Cryptocurrency industry figures continue to hit back at negative stories about Bitcoin mining in mainstream media, Barry Silbert claiming mining Bitcoin was “50 times more useful” than gold.
What’s In A Number?
In a tweet November 6, the Digital Currency Group founder and CEO rebutted claims over Bitcoin mining which originally surfaced in the Nature International Journal of Science.
In it, researchers allege mining Bitcoin [coin_price] is three times more expensive than gold, while the total emissions for mining the four largest cryptocurrencies by market cap between January 2016 and June 2018 lay anywhere between 3 and 15 million tonnes of carbon dioxide.
The findings were widely reported by mainstream media publications, including MarketWatch, which led with a headline focusing on the financial costs of Bitcoin mining.
Silbert, who like many social media commentators appeared irked by the report, retaliated, saying that the usefulness of minting new cryptocurrency outweighed that of new gold fifty times over.
https://twitter.com/barrysilbert/status/1059886687004868609
The Scourge Of ‘Research’ on Bitcoin Mining
While his argument received critiques of its own, the episode underlines to continuing battle the cryptocurrency industry faces regarding both research and media coverage of its growth.
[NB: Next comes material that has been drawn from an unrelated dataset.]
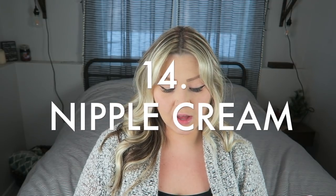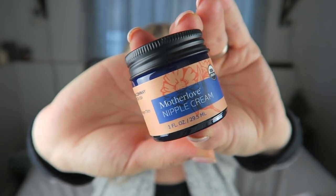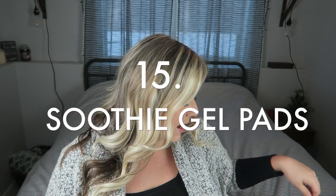The next thing on my postpartum prep list is the Motherlove Nipple Cream. I do like the Earth Mama nipple butter as well, but this one had really good reviews on Amazon and I wanted to try it first. It comes in a little container — I just got this off of Amazon. I have used this already a couple of times in my pregnancy due to sensitive nipples, so I can already tell you that I really like this stuff.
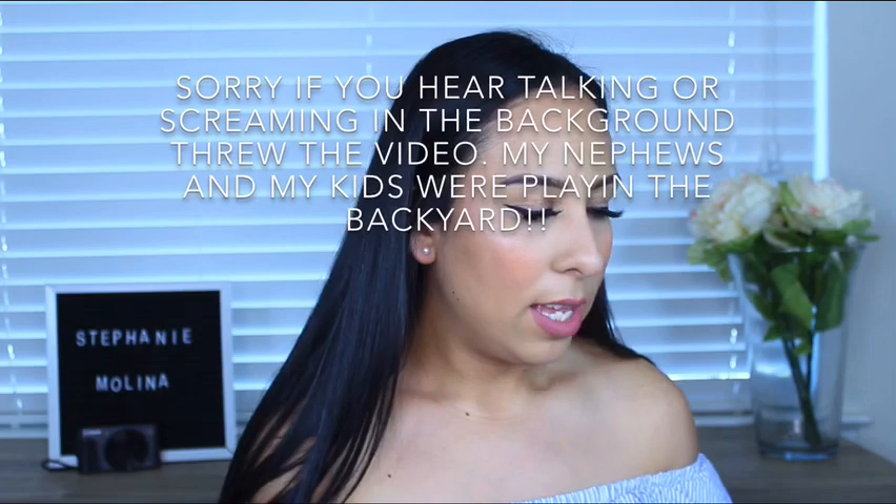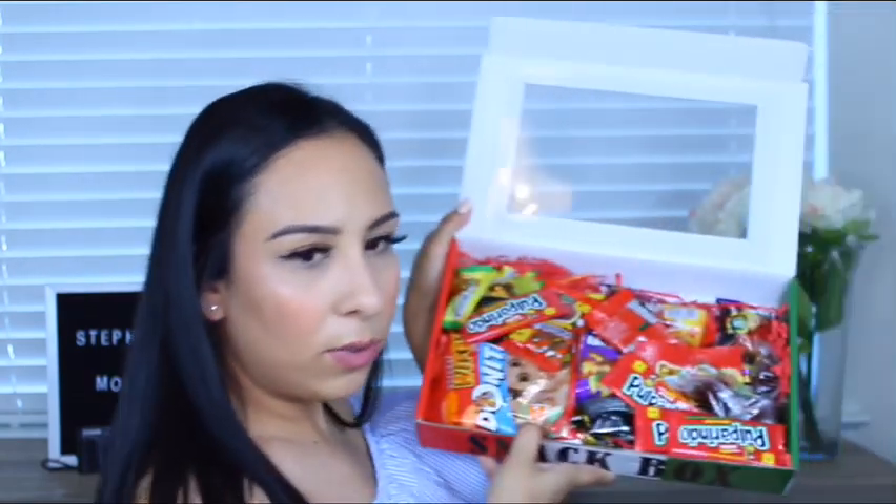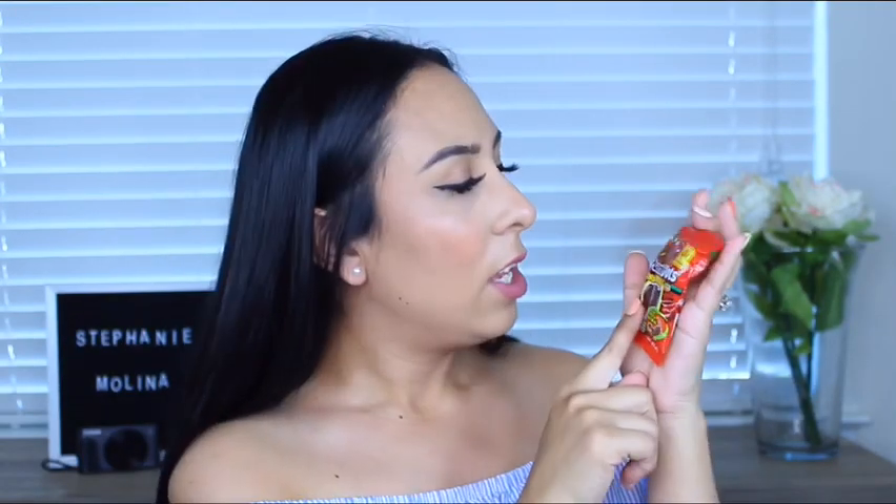It says sour, salty, spicy, sweet — taste Mexico. Here's how it looks inside. So, these are Pulparin Dots Extra Picante. I freaking love the Pulparindos — the little huesitos. Those are like my favorite, so I'm excited about trying these.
At the end of last month, a separate report into Bitcoin’s purported impact on climate change also received widespread coverage.
Investigating, Bitcoin Core developer Nic Carter soon unearthed what he described as “naive assumptions” about Bitcoin’s energy usage which he then extrapolated to demonstrate the ‘Bitcoin network’ the report analyzed does not exist.
Among the characteristics of Bitcoin which researchers claimed would contribute to 2-degree rises in global warming are 3.2 gigabyte block sizes, fixed (not decreasing) issuance and the complete absence of all level-two technology such as the Lightning Network.
“That major mainstream media organizations are reporting on this is a scathing indictment of the MSM. It’s simply fake news; to publish is either incompetence or fraud,” he commented.